Published onDec 23, 2024
Labyrinth

Photo by Aaron Burden: Pexels.com

I don’t believe in losing hope.
I believe in finding it

perhaps by making pesto
or deadheading irises
when I can be surrounded
by what’s still alive:

my garden, defying a childhood
framed in the gutter’s litter
tossed newspapers soaked in rain,
smudged in dog shit. The dead-end

street around the corner
offered paradise—an empty lot
with flowering weeds.
Was that a loss

of hope? Or a grasping
for what I longed for
when I thought the world
could stretch its lazy arms

and deliver, all in good time.
With age, time thins, seedlings
harden, shrivel--leaving
only wisdom, a path emerging

through tangled roots
leading to the adage: what is,
is.
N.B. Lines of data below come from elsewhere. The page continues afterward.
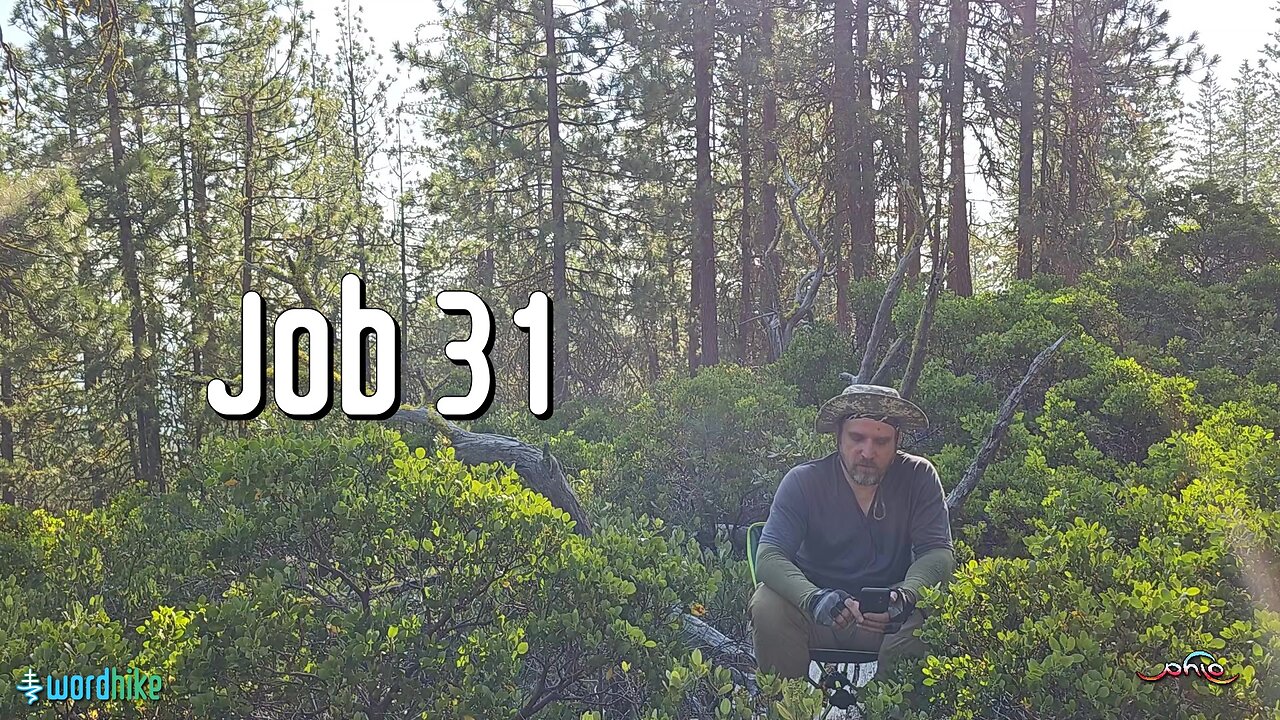 Job 31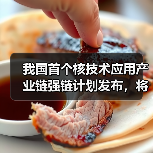 我国首个核技术应用产业链强链计划发布,将如何推动产业升级?(图4) 我国首个核技术应用产业链强链计划发布,将如何推动产业升级?(图4)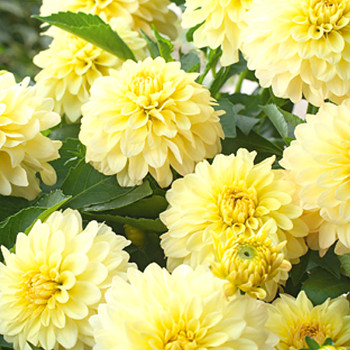 JIŘINA ´GALLERY SERENADE´ (1 hlíza)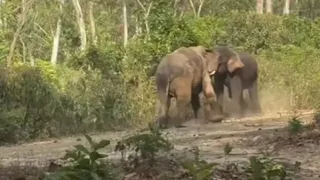 सांकेतिक तस्वीर।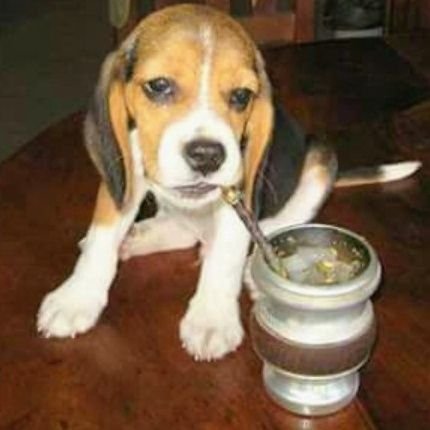 PerroVerde475's profile picture. 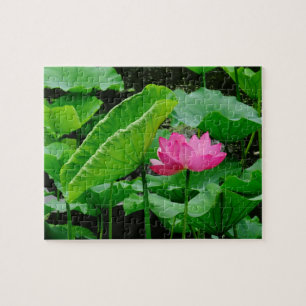 Oberhalb von Muddy Waters (rosa Wasserlilie)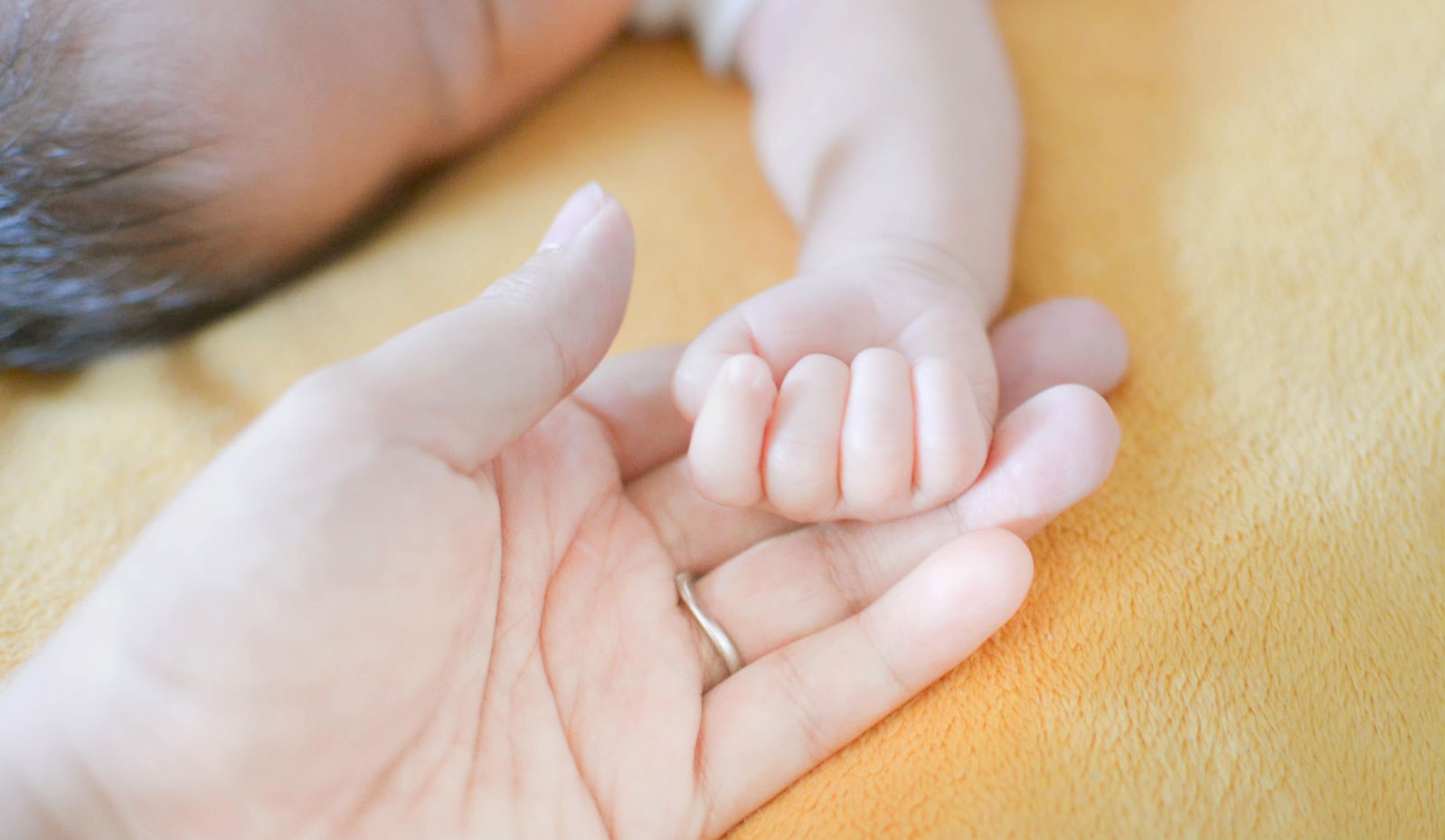 四季のいろ保育園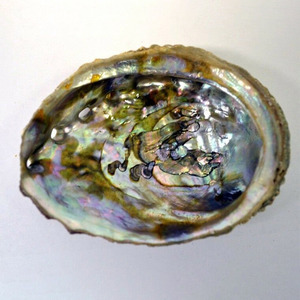 Paua seashells aquarium landscape <b>abalone</b> seashell producer supply high quality natural sea <b>shells</b> - Product Image 4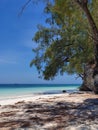 Beautiful white sand beach and blue ocean at lonely island of Selayar, Indonesia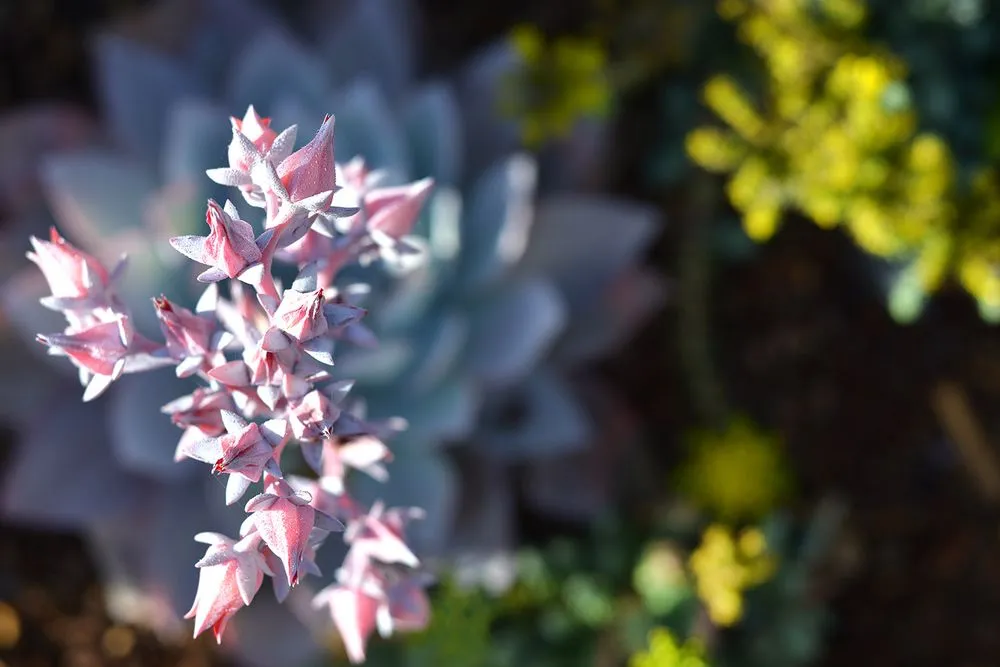 Reliable lawn care service in Los Osos, CA by Kestrel Landscapes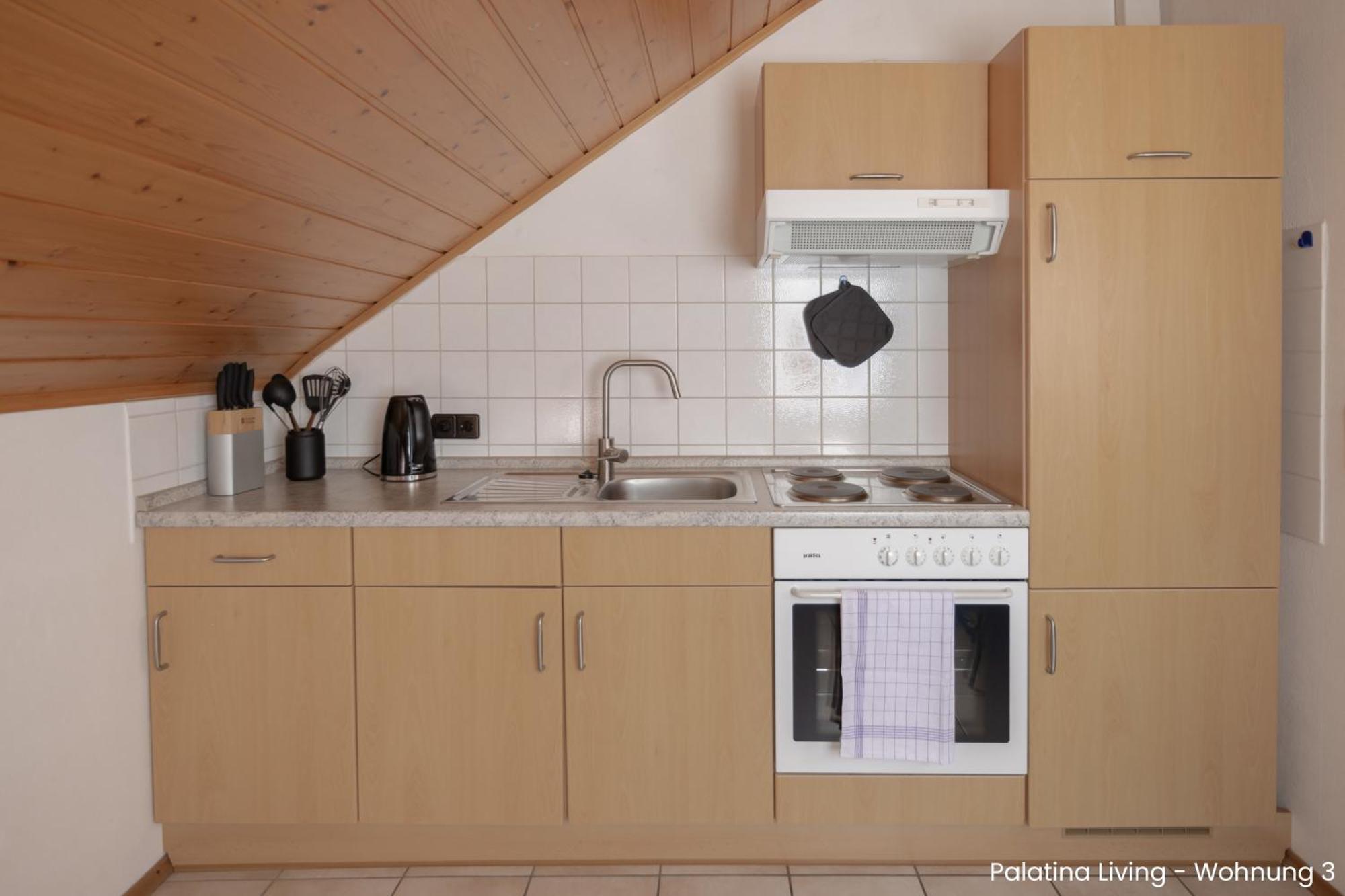 Palatina Living Apartment Fischbach bei Dahn Exterior photo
All that changes
is how to breathe, choose

the dark center of the iris,
the nectar, the bees.


D. Dina Friedman’s newest books are the poetry collection Here in Sanctuary—Whirling, (Querencia Press) and the short-story collection Immigrants (Creators Press), which was first runner up in the short-story category for the Eric Hoffer Award. Her previous books include two YA novels, Escaping Into the Night (Simon and Schuster) and Playing Dad’s Song (Farrar Straus Giroux) and one book of poetry Wolf in the Suitcase (Finishing Line Press). Dina has published in over a hundred literary journals including Rattle, Salamander, The Sun, Mass Poetry, Crab Orchard Review, Cider Press Review, Lilith, and Rhino. She has received two Best of the Net and four Pushcart Prize nominations.